Di Indonesia, pendidikan matematika untuk siswa berkebutuhan khusus masih kurang diperhatikan. Pasalnya dibeberapa sekolah inklusi, masih terdapat beberapa guru yang menyamaratakan antara siswa biasa dengan siswa berkebutuhan khusus (ABK). Padahal sebenarnya mereka memiliki daya tangkap yang jauh berbeda satu sama lainnya. Â Menurut (Irawan & Febriyanti, 2018) Kemampuan akademis yang berbeda-beda satu dengan lainnya adalah masalah utama yang harus dipecahkan dalam pembelajaran siswa berkebutuhan khusus
Berdasarkan Depdiknas (2008 : 10), pelaksanaan pembelajaran matematika bagi Anak Berkebutuhan Khusus atau biasa disingkat ABK perlu didampingi oleh guru kelas dan guru pendamping khusus (GPK). Dalam hal ini guru pendamping khusus (GPK) memiliki tugas menjadi konsultan untuk menyesuaikan kurikulum dengan kondisi para siswa. Di sisi lain, pelaksanaan pembelajaran matematika di kelas merupakan tanggung jawab dari seorang guru kelas/guru matematika itu sendiri. Menurut Amalia (2020), rangkaian pelaksanaan pembelajaran terdiri dari tiga tahap yaitu pendahuluan, inti, dan penutup.
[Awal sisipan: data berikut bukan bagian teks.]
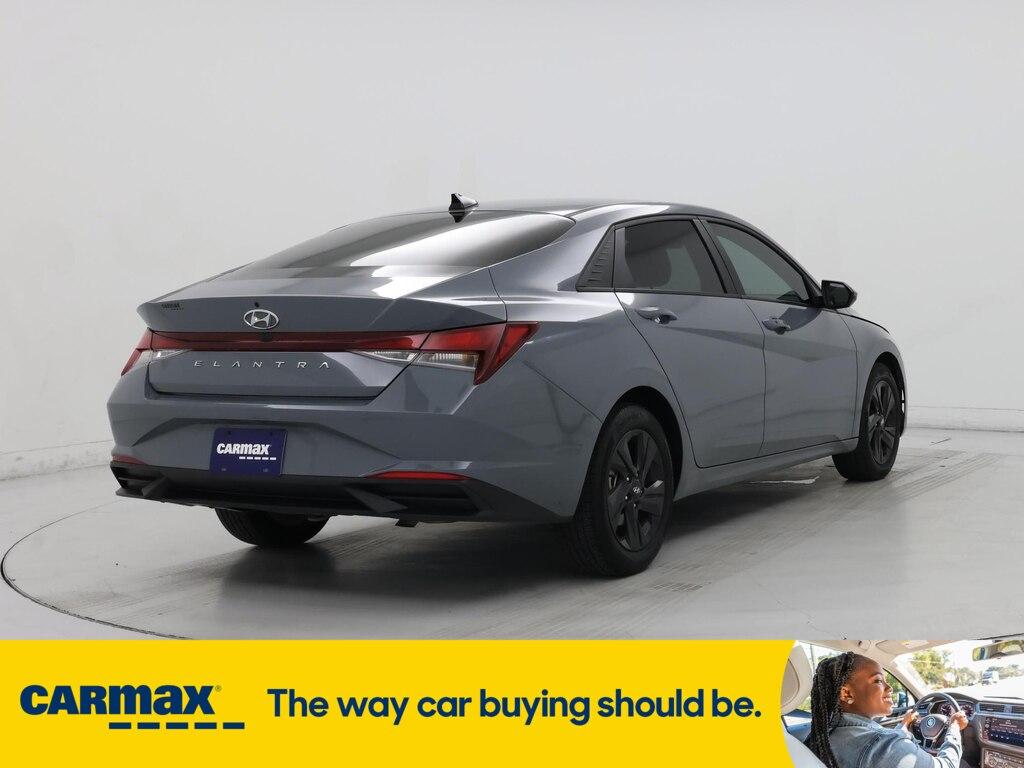 used 2023 Hyundai Elantra car, priced at $21,998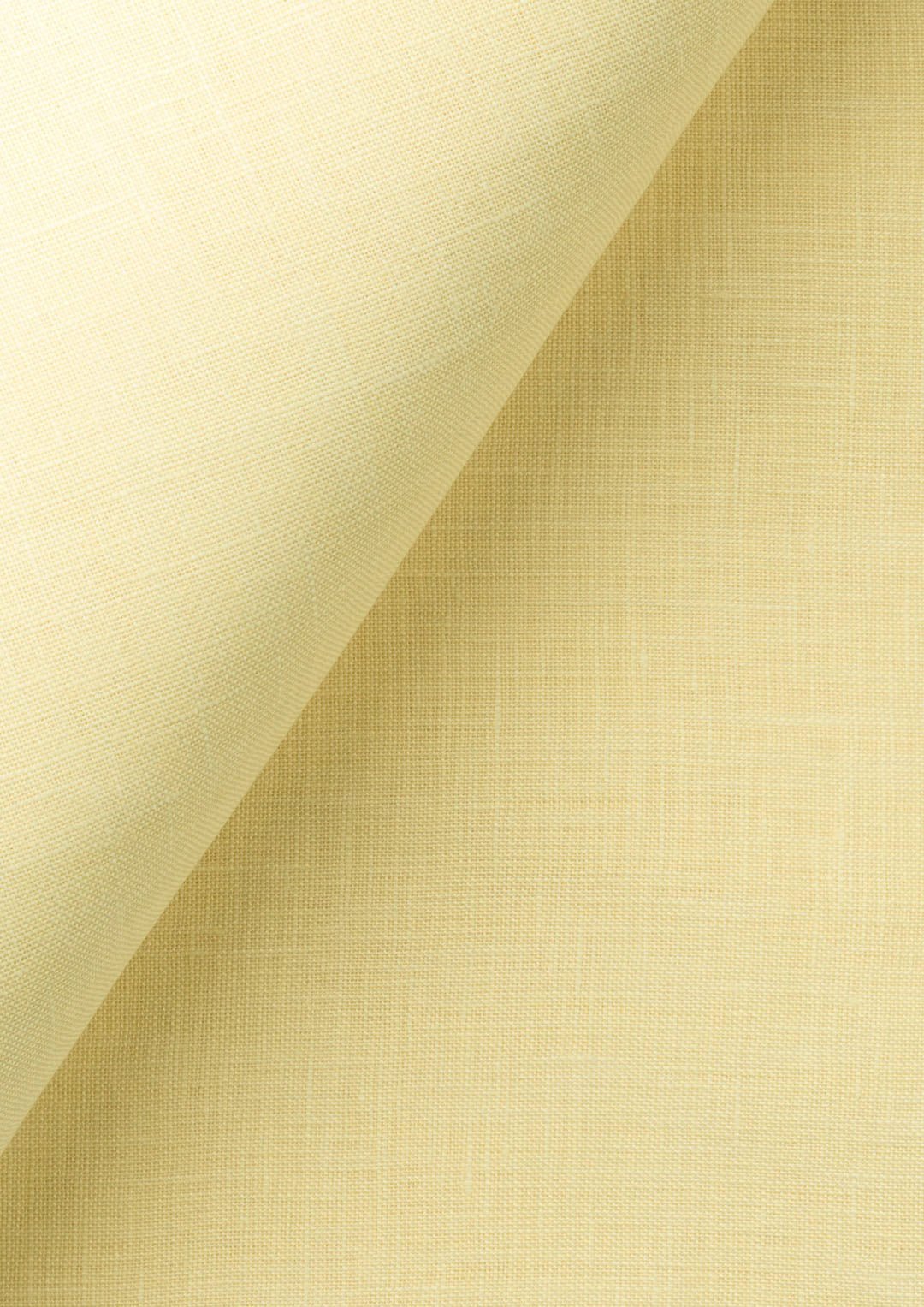 Liberty Light Yellow Linen Suit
Pada tahap pendahuluan, guru matematika akan memberikan pertanyaan yang berkaitan tentang materi yang akan diajarkan. Pada tahap inti, guru matematika maupun guru pendamping khusus (GPK) akan melakukan beragam pendekatan pembelajaran, media pembelajaran dan  sumber belajar lainnya. Dan pada tahap penutup, guru matematika maupun guru GPK  bersama siswa akan membuat rangkuman atau kesimpulan pembelajaran hari ini.
Selain mempersiapkan pembelajaran yang efektif, seorang guru matematika juga harus memperhitungkan dengan matang bagaimana siswa berkebutuhan khusus itu mendapatkan hak maupun kebutuhannya agar dapat menggapai keberhasilan dalam pembelajaran pada saat itu.
Kebutuhan itu dapat tercapai dengan adanya modifikasi kurikulum dan strategi pembelajaran yang tepat. Hal ini dapat menjadi pilihan untuk para guru di luar sana dalam melakukan pembelajaran pada anak berkebutuhan khusus terutama untuk pembelajaran matematika itu sendiri.
Modifikasi kurikulum yang akan dibahas pada saat ini meliputi 3 bagian, yaitu metode multikomunikasi, Â penyederhanakan materi, dan yang terakhir adalah modifikasi media dengan menggunakan buku pintar (BUPI).
Pada metode multikomunikasi kita diharapkan dapat menciptakan komunikasi yang sukses antar manusia dengan pemahaman dan perolehan bahasa yang berbeda. Jadi pada metode ini bertujuan untuk mencapai komunikasi yang efektif antar anak berkebutuhan khusus satu dengan yang lainnya.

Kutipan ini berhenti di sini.